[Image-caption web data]
────────────────────

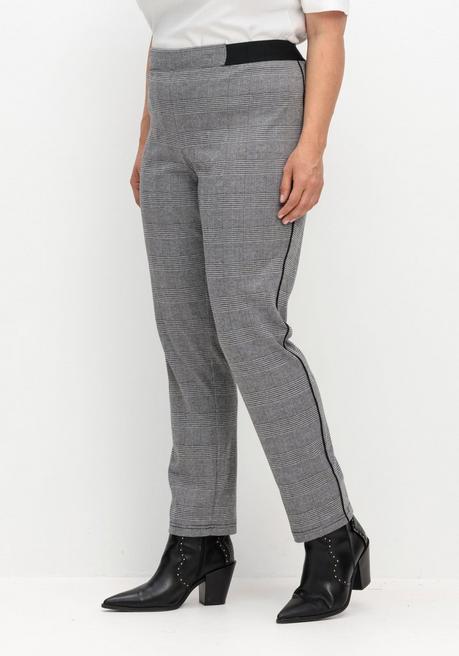 Sheego Schmale Hose Mit Grafischem Muster Und Stretchbund - Grau Gemustert Sheego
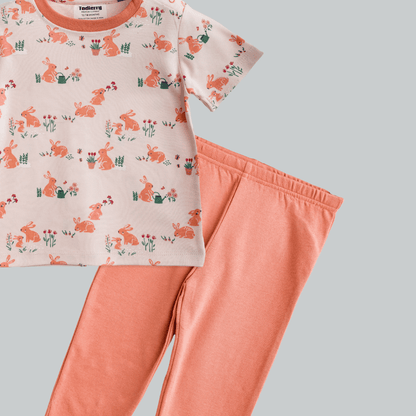 Unisex Pajama set Peach Bunny Print Soft & Breathable 100% Cotton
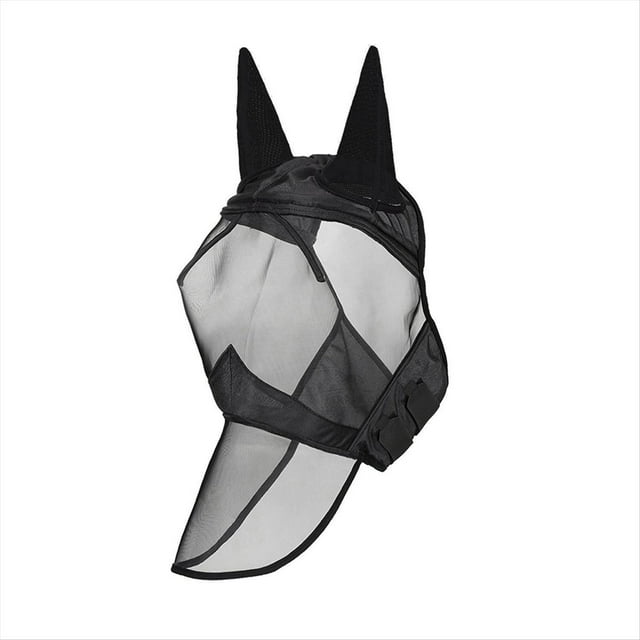 Máscara Antimoscas para Caballos, Súper Cómoda, con Protección UV Ajustable y Transpirabilidad, con Orejas.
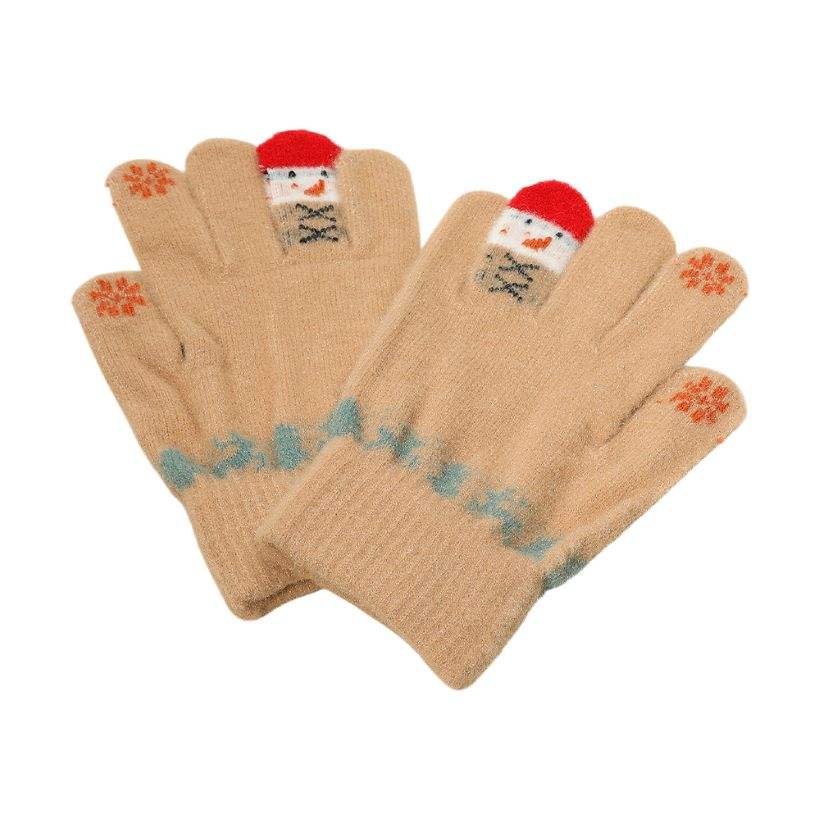 Christmas Theme Pattern Smart Touch Winter Gloves - Madeline Love - Flyclothing LLC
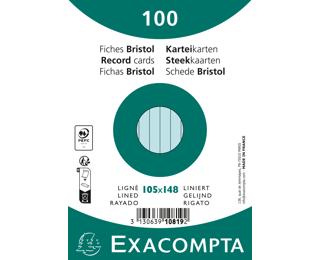 Paquet 100 fiches sous film - bristol ligné non perforé 105x148mm 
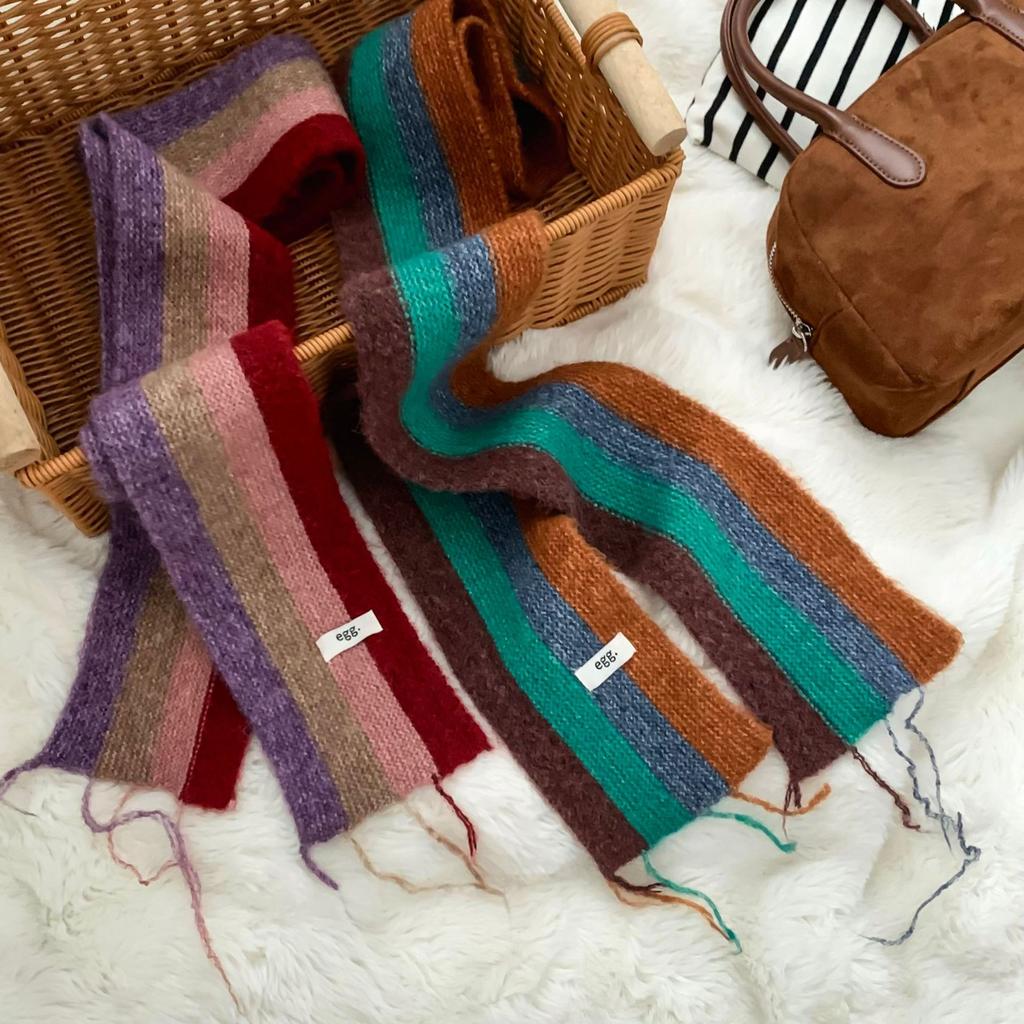 Scarf Korean Atmosphere Rainbow Striped Fringed Knitted Scarf Autumn And Winter Thickened Warm Versatile Scarf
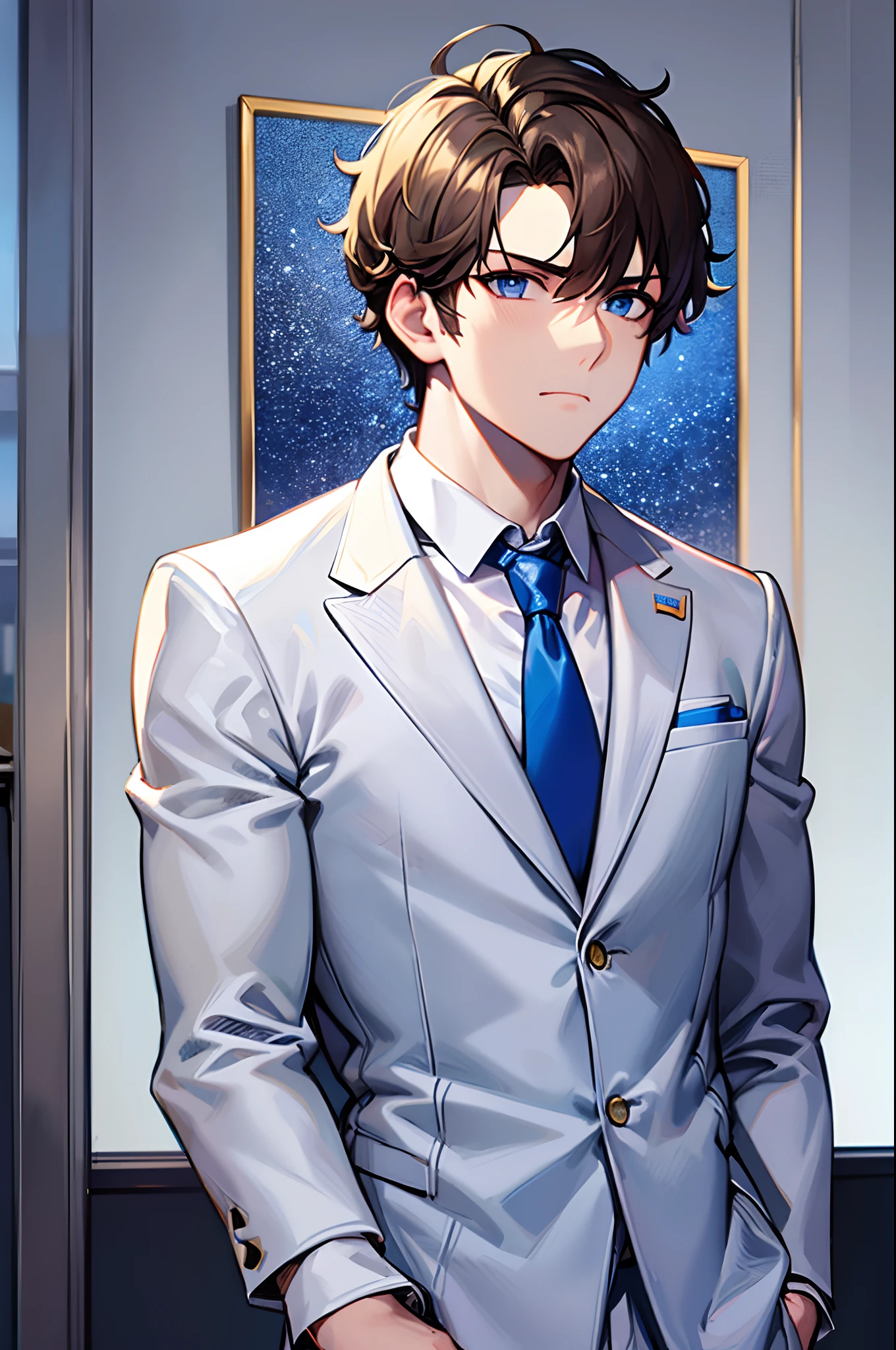 Elite School uniform, white blue clothing, white tuxedo, blue pants, golden buttons, blue neck tie, young man, 20 years, light brown hair, short hair, blue eyes, detailed eyes, beautiful eyes, muscular, tall, 6.3 foot tall, serious pose, strong, masterpiece, detailed design, masterpiece, classroom background, school,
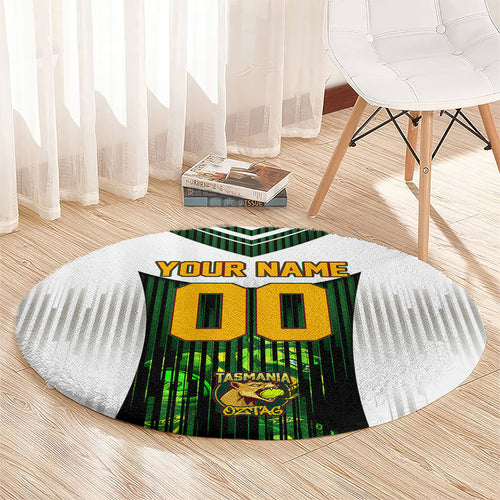 Personalised Tasmania Oztag Mascot Round Carpet Green White Stripe Australian Flag Mascot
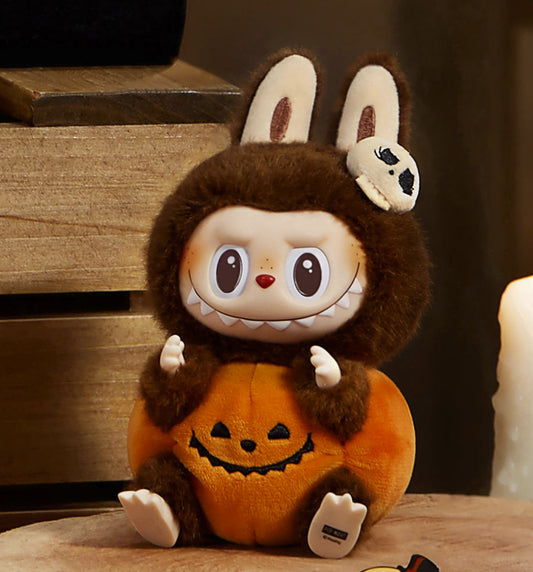 Labubu Happy Halloween Party Series- Sitting Pumpkin Vinyl Plush Pendant (Available now)
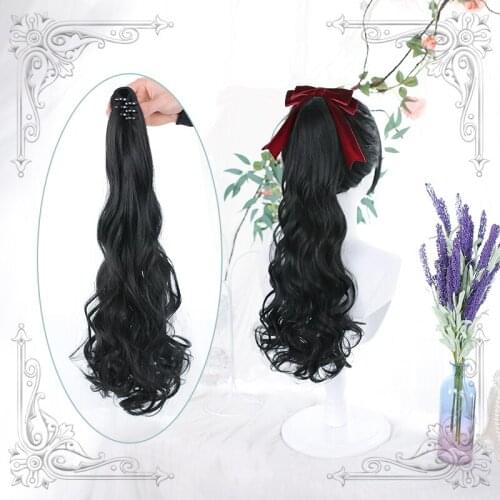 Medium-Length Curly Single Horsetail Hair Piece Invisibility Traceless Hair Tail Woman Wig Accessory Cosplay Party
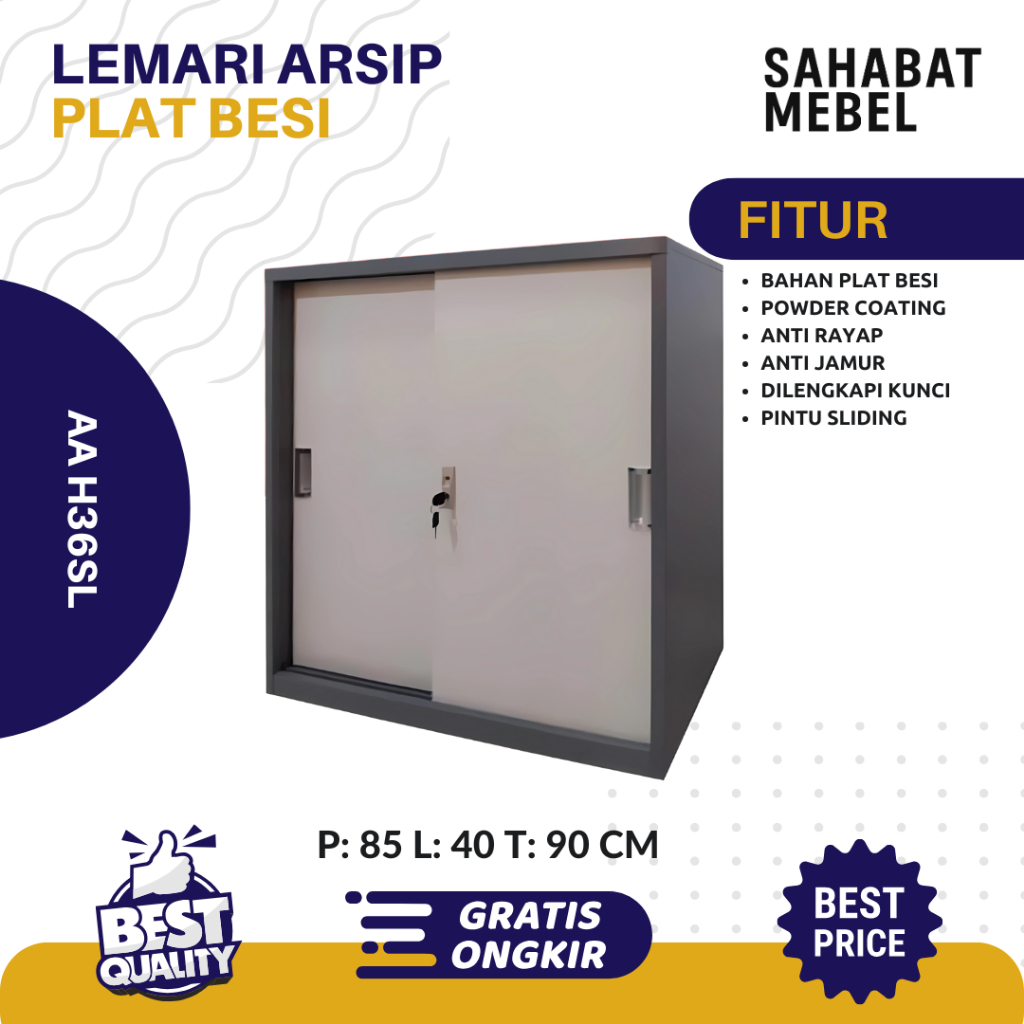 Lemari Arsip AA H36SL - Lemari Arsip Plat Besi / Filling Cabinet Sliding Door Almari Buku Swing Door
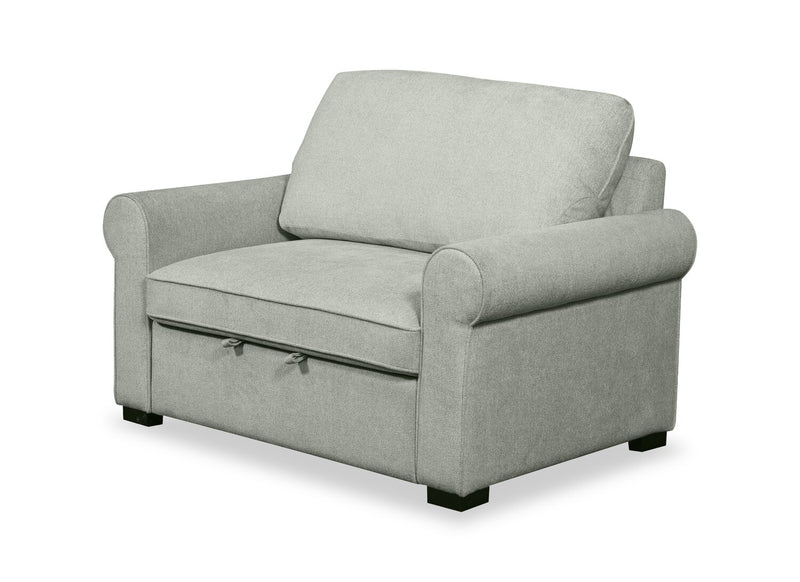 Scott Living Haven 55\" Chenille Fabric Sleeper Chair with Wood Legs - Seafoam Blue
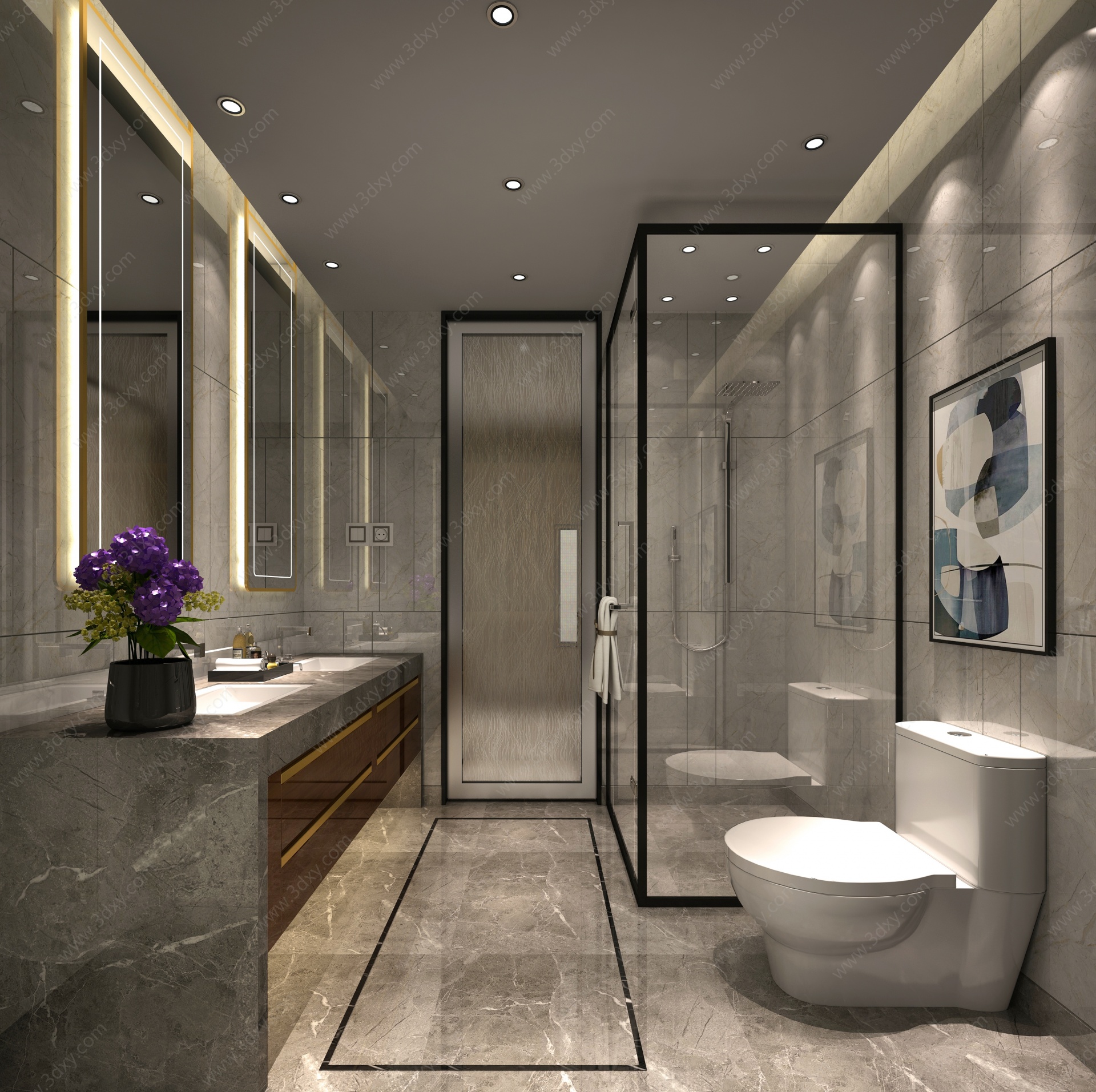 现代新中式卫生间淋浴房3D模型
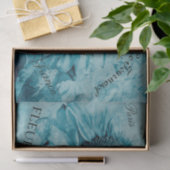 Giant Sunflower Light Blauwgroen Blue  script Tissuepapier (Geschenk)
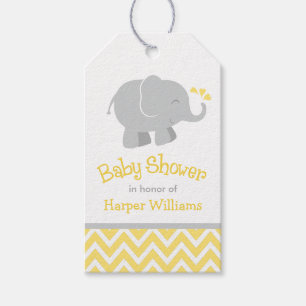 Modern Gult och Grått Elephant Baby Shower Presentetikett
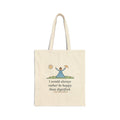 I Would Always Rather Be Happy Than Dignified Tote Bag, Joyful Brontë Literary Quote Tote with Meadow Bonnet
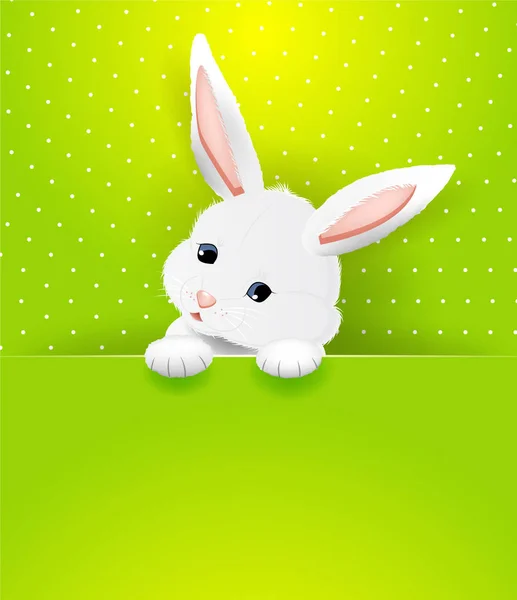 Osterfest Grußkarte Mit Niedlichem Weißen Hasen Vektorillustration Kopierraum Für Text — Stockvektor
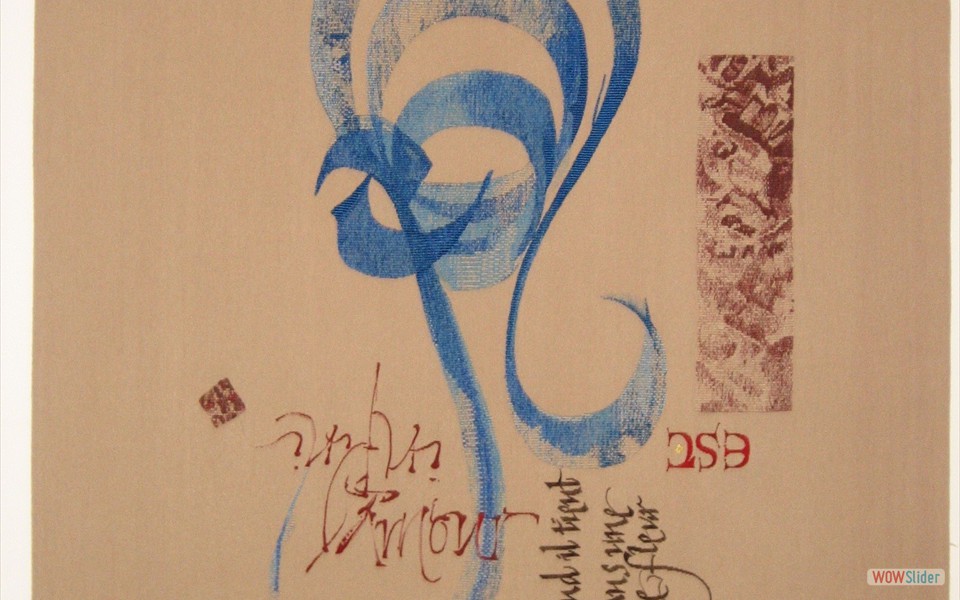 calligraphie et tissage de Bernard Battu lissier à Aubusson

────────────────────

Work request:
Only one thing is wanted here, an exact copy of the lines from the first line above through the line containing "Medium-Length Curly Single", minus any picture.

Completed task:
 Sheego Schmale Hose Mit Grafischem Muster Und Stretchbund - Grau Gemustert Sheego
 Unisex Pajama set Peach Bunny Print Soft & Breathable 100% Cotton
 Máscara Antimoscas para Caballos, Súper Cómoda, con Protección UV Ajustable y Transpirabilidad, con Orejas.
 Christmas Theme Pattern Smart Touch Winter Gloves - Madeline Love - Flyclothing LLC
 Paquet 100 fiches sous film - bristol ligné non perforé 105x148mm 
 Scarf Korean Atmosphere Rainbow Striped Fringed Knitted Scarf Autumn And Winter Thickened Warm Versatile Scarf
 Elite School uniform, white blue clothing, white tuxedo, blue pants, golden buttons, blue neck tie, young man, 20 years, light brown hair, short hair, blue eyes, detailed eyes, beautiful eyes, muscular, tall, 6.3 foot tall, serious pose, strong, masterpiece, detailed design, masterpiece, classroom background, school,
 Personalised Tasmania Oztag Mascot Round Carpet Green White Stripe Australian Flag Mascot
 Labubu Happy Halloween Party Series- Sitting Pumpkin Vinyl Plush Pendant (Available now)
 Medium-Length Curly Single Horsetail Hair Piece Invisibility Traceless Hair Tail Woman Wig Accessory Cosplay Party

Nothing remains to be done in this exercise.